It’s a lot like finishing the definitive rewrite of a novel, which I did recently. As you get closer to the end, the drive to finish overtakes you, even as the fear of finishing fights you, and you find yourself spending all day, writing, writing, writing. Of course I’m not finished, finished. Still have to ask my writing group and other friends to read and give feedback, still have to tinker with sentences here and there, and proofread several times for errors. But the big work is done. Feels good and a little scary. Unlike climbing to the base of a waterfall, where you sit and bask in the mist and power of falling water, you get to the end of a novel and feel a little lost, as in, what now?

Find a different waterfall to climb, I guess.

Advice, Pep Talks, Tools of the Trade

The Strange Life of Words or Why I Write

I dreamt once that words were people, refusing to speak as I walked by. The image neatly sums up my lifelong conflict with language. I adore words. I want to stroke them and live inside their bony curves. A variety comes to me easily, when I’m talking to friends or teaching. It’s a joy to be able to stretch out my hand and have the exact word appear, with the right heft and color, reverberating with history. Yet when asked to define a word, like “fluent” for example, I can’t.

A strong physical sense arises. I know exactly what it means, my hand wants to gesture, but the words to define it stumble out. How is it possible to know and love a word, but not be able to define it with words? How can I love something that is so difficult? Aren’t we supposed to be drawn to the things we are good at?

This paradox has only grown more pressing as I’ve devoted my life to the teaching of writing. I might be walking outdoors, and words will parade through my mind like children playing dress up, trying to shape themselves into silver willow fronds, or simulate the taste of late afternoon sun. But when I sit down before a white page, they scatter.
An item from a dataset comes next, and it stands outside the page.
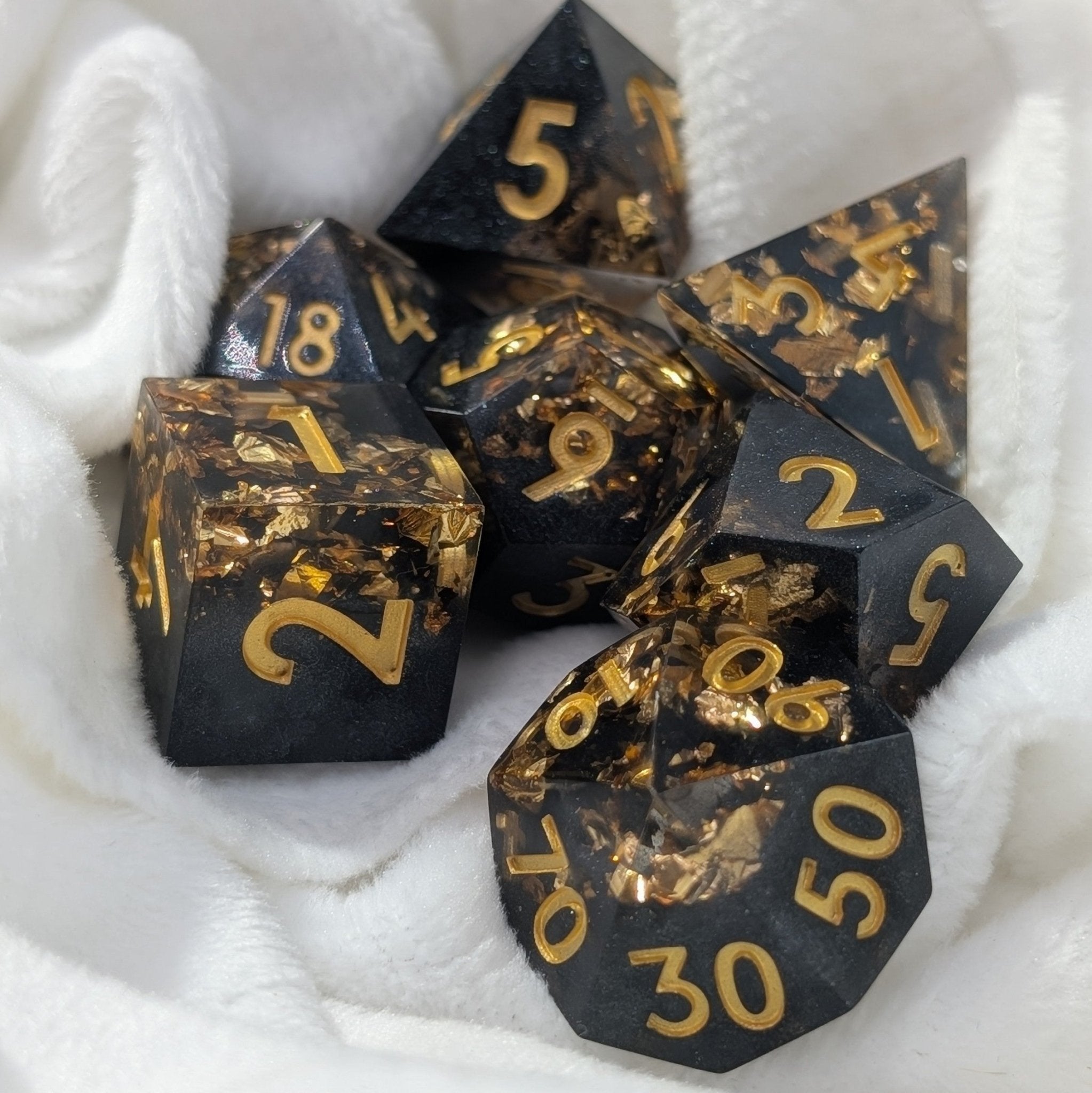 black and gold sharp edged polyhedral dice set used in dungeons & dragons and other ttrpg games on a white cloth background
It happened just the other day, as I walked my dog down our dirt road. I came to a bog pond where a blue heron lives. What I thought was him standing in the water turned out to be a few dry stalks with an orb spider web illuminated by dew. Just beyond the periphery of my vision, the actual heron launched himself silently into the sky, huge, blue-gray and prehistoric. My first impulse – to run home and write it down, to hone the words until they leapt – was followed immediately by doubt. It takes so much time that might be better spent on students, family, and community. Surely writing should only be reserved for obsessed geniuses – or at the very least, for those to whom it comes easily.

I remember my first story like an alcoholic remembers her first drink. Even then conflict was present. I was six years old. I had just returned from Germany to my hometown. Having learned to read and write in German, I was having difficulty spelling in English. My second grade teacher set me up with a tutor.
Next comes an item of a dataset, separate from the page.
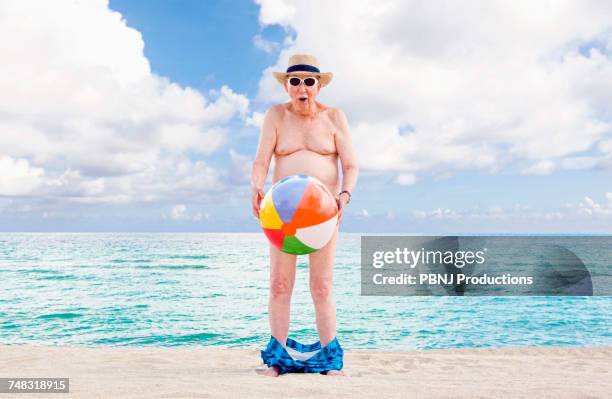 naked older caucasian man covering waist with beach ball - birthday suit stock pictures, royalty-free photos & images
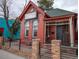 The exterior of Chiva Colombian Cuisine shows a red brick building with black trim and a welcoming entrance at 2620 S Delaware St # 3, Denver, CO 80223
I sat at the cafeteria table and the tutor’s words floated down from somewhere up above like bubbles. “Vowels,” she said. “A, e, i, o, u.” They bounced over my head. I stared at the gray table uncomprehending.
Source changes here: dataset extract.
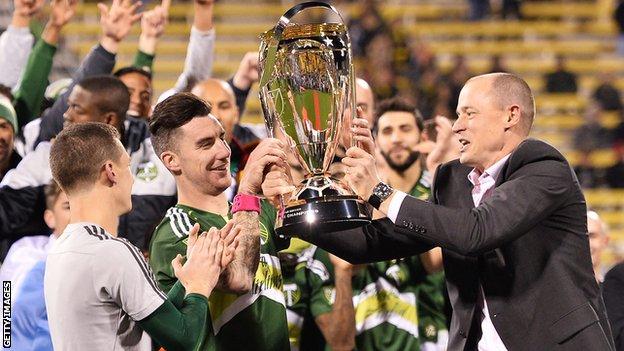 Ridgewell lifts the MLS Cup with Portland Timbers owner Merritt Paulson in 2015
More words floated down. “Why don’t you write your own story?”

These words electrified me. I sat up straight and looked up at my tutor’s mouth. I could write my own story? The idea whirled inside me. All those stories my mother read to us that ended terribly. I could change that. I could create a whole new world.

That very night, in a room I shared with my two brothers, I huddled at the end of my bed, enfolding myself in my curtains. I stared at the stone tower of the church across the empty street, bathed in the colors of the traffic light, now red, now green, now yellow. Velvet mystery infused me, and I jotted down my first few lines. For a half hour I flew, my heart large. I had a beginning – the townspeople had trapped a monster inside a church, nailed the roof down on him like a coffin lid. But the huge flathead nails were coming loose. How would it end?

No answer. I sat with for a child’s eternity. The abyss yawned. My wings collapsed.

That’s how my love of writing began – stemming from difficulty, offering liberation and ending in angst.

Ironically, it is that very difficulty that called me to the teaching profession: it helps me help others overcome theirs. More importantly, the undeniable force and magic of words keeps calling me back.

Years ago, living in Paris trying to be a writer, I sat alone in a tiny white-walled apartment at the top of a spiral stair. I tinkered with a piece of writing that later got published. It was a tortured process, a steeping of self in words and wordlessness, a game of hide and seek with a host of internal critics, a dance to catch stars in my skirt without burning a hole in it, a leap into and over the abyss. Under certain conditions, if we strike the right words against each other in just the right way, they catch fire. A piece of writing emerged incrementally with elastic between each word so taut that if I pulled on them, they snapped. All else fell away and a stark truth emerged. This was the hardest thing I’d ever done, but I couldn’t think of anything else I’d rather do.

Even though I’ve quit writing many times over the years, I kept returning. And finally I have come to accept the fractiousness of writing. Writing is a set of diverse and sometimes opposing mental and emotional operations. Wild and often unbiddable, it requires that we leap back and forth between the different sides of our brains. On the one hand we must free associate and on the other hand we must choose, discard, catch and order. And it doesn’t stop there: we must be emotional and rational, verbal and spatial, personal and universal, private and public.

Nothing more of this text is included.